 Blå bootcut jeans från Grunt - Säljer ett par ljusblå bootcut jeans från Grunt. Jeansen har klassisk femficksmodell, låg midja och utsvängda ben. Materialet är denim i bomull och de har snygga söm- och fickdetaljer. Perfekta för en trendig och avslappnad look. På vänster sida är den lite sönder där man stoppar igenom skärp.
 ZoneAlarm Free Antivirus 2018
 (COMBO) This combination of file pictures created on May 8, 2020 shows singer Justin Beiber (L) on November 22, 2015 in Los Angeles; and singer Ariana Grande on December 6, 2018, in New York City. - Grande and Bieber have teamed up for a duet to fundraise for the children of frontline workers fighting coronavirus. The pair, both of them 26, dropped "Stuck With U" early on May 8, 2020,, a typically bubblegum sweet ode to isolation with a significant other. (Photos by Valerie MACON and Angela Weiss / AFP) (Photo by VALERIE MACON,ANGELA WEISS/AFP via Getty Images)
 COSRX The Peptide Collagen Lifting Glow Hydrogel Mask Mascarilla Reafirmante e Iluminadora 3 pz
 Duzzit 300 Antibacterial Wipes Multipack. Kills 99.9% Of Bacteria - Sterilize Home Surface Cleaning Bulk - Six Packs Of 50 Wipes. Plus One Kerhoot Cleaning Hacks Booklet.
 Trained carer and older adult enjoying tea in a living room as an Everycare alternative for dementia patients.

* * *

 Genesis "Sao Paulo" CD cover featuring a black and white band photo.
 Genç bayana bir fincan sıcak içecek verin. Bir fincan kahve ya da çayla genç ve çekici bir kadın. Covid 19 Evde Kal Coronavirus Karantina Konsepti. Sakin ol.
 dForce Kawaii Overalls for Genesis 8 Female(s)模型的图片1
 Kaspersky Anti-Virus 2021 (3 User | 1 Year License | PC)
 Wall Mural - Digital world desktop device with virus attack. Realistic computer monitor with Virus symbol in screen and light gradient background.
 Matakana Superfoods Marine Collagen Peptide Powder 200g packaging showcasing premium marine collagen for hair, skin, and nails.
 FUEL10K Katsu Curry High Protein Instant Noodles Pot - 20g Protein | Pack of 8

...

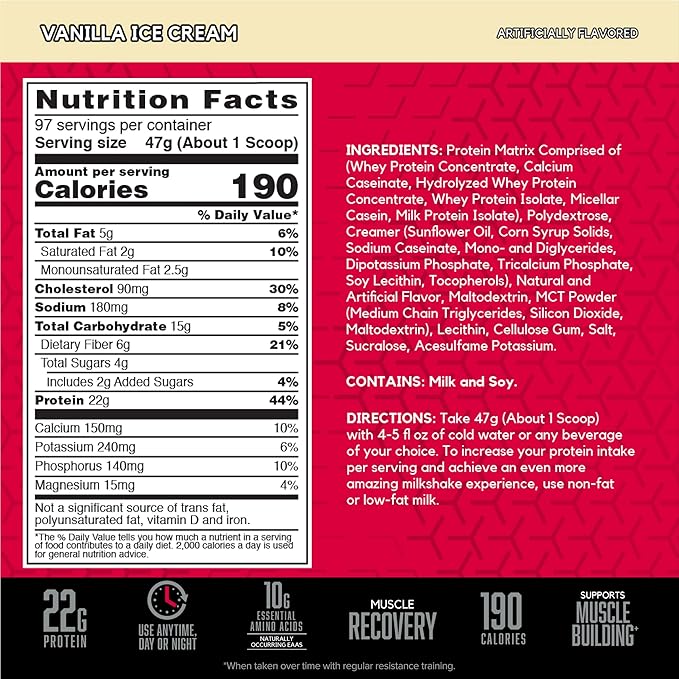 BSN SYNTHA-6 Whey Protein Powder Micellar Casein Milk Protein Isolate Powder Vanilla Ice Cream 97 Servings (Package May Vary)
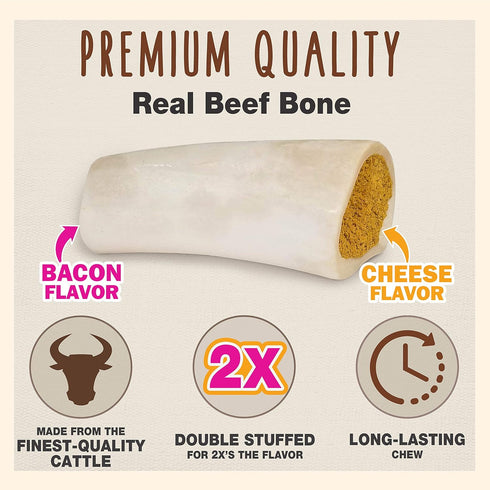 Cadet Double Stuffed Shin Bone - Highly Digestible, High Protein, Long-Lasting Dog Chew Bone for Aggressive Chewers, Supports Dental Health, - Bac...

→ **EXERCISE GOAL**:
In the records above, locate each line with the word "Collagen". Copy all such lines.

→ **RESULT FOR THIS TASK**:
 COSRX The Peptide Collagen Lifting Glow Hydrogel Mask Mascarilla Reafirmante e Iluminadora 3 pz
 Matakana Superfoods Marine Collagen Peptide Powder 200g packaging showcasing premium marine collagen for hair, skin, and nails.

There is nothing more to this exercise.